The ideal rope was 1 ½ ”.  It also needed to be supple since a stiff, new rope didn’t knot well and sometimes kinked which resulted in a series of jerks as the condemned dropped. It was prepared by soaking in water until it was sodden, tying it to a high point and suspending a weight at the other end and allow to air dry. Next, it he would soften it by applying melted tallow, or soap.

The hangman’s knot was when properly tied would slip only one way.  It could be tightened but not loosened. By tradition a thief was hanged with a noose of seven turns and a murderer with thirteen.

The second critical point was the drop.  If the condemned was not dropped far enough the neck wouldn’t break.  Too great a drop would decapitate. A formula was used taking the condemned man’s weight, divided into 1,180 and that would yield the number of feet needed for the drop (rounded up to the next highest foot.)  Thus a 160-pound man would require a drop of eight feet while a 250-pound man would need only five feet. A 90-pound person would need thirteen feet. The scaffold was usually fifteen feet off the ground.

As times became more humane the condemned man’s feet were bound together.  Earlier, the term “dancing on air” or doing the “Texas Cake Walk” referred to describe the bicycling of the feet as the condemned strangled.  When the neck was broken there was a evacuation of the bowels and bladder. To avoid this the trousers were fastened to the legs at the ankles, knees and mid-thigh.  The hands were tied and the elbows were bound to the sides.

A black hood was placed over the head and the knot placed under the left ear.  Then the condemned dropped the requisite distance, the rope’s slack ran out and death was virtually instantaneous.  The deceased was allowed to hang for six or seven minutes, after which a doctor pronounced him dead. The rope was cut a foot above the noose and the body lowered into a coffin.

In case the drop didn’t break the neck, two large, strong men were stationed underneath the gallows to grab the man’s legs and jerk downward to ensure a broken neck.

An example of a hanging gone wrong occurred with the hanging of train robber, Tom “Blackjack” Ketchum in Clayton, New Mexico April 26th, 1901.  During the robbery the conductor had grabbed a shotgun and put a load of buckshot in his arm, nearly severing it. He was taken to Trinidad where the arm was amputated. Then he was taken to Clayton where he was tried, convicted and sentenced to hang.

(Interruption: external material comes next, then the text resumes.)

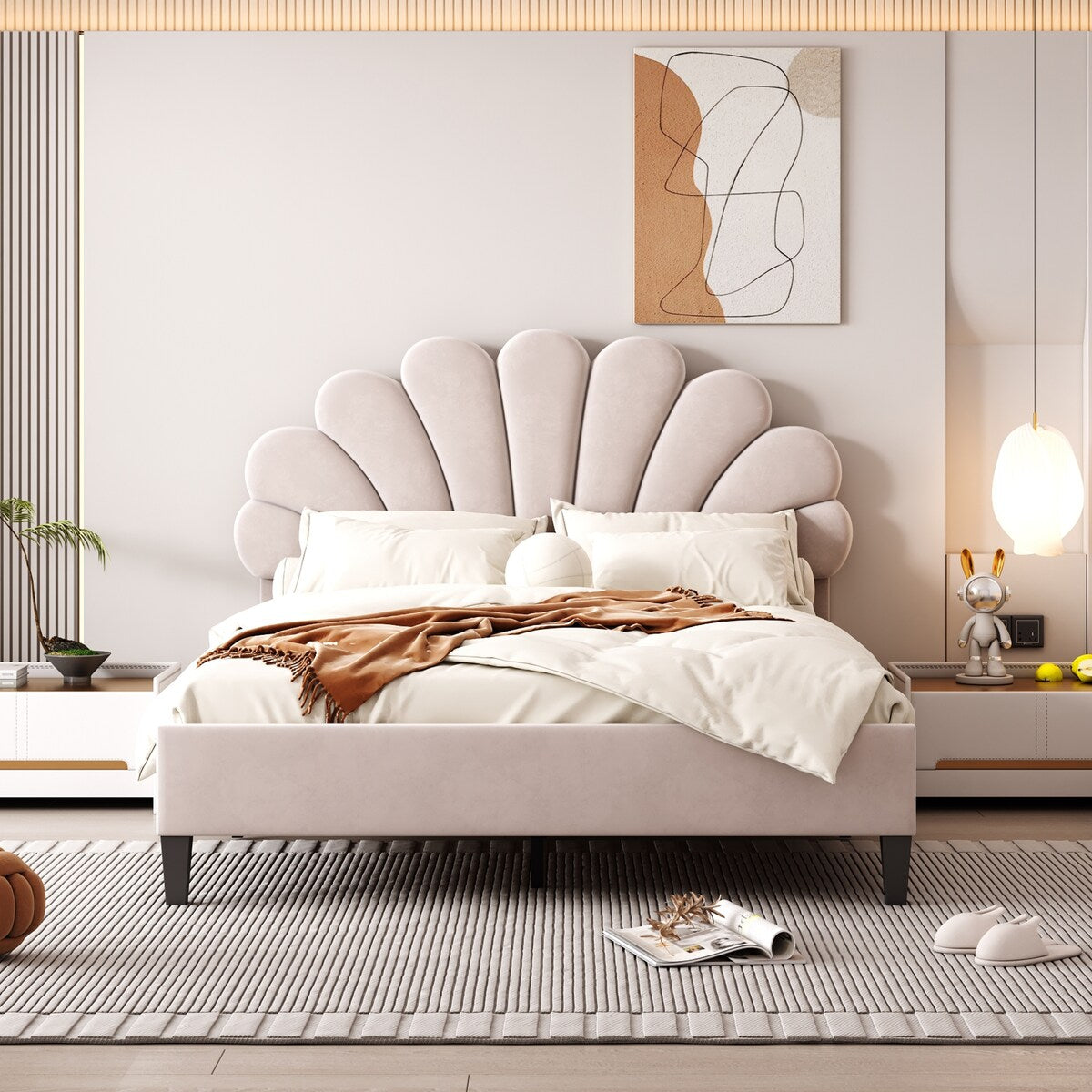 Upholstered Full/Queen Size Platform Bed for Kids,Adults Bedroom,Velvet Bedframe w/ Flower Pattern Headboard & Wood Slat Support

While awaiting his hanging, Blackjack proceeded to put on weight.  On April 26th, 1901 at 8 am the town of Clayton was in the mood to celebrate. Despite the time of day the saloons were already doing a brisk business. Some enterprising chap was selling dolls of Blackjack hanging on a stick.

While sitting in jail Ketchum had put some extra weight. Despite being minus an arm he weighed 193 pounds. He should have dropped about 6 feet.  The evening before the hanging an official tested the rope with a 200-pound rope but left the bag hanging all night and the next day the rope was stretched tight as a piano wire.

The one-armed bandit dropped seven feet and was decapitated.

The doctor pronounced him dead then proceeded to sew his head back on. They hauled him to Clayton’s boothill and laid him in his grave. Turns out Blackjack Ketchum was the only outlaw to be hanged for train robbery.

Today, only Delaware, New Hampshire and Washington still have hanging as a form of execution.  A few years ago Utah gave the choice, firing squad or hanging. Few if any chose to hang. In 2004, Utah banned firing squads but allowed it if the person committed or was convicted prior to the ban. Lethal injection is the method of choice in all states.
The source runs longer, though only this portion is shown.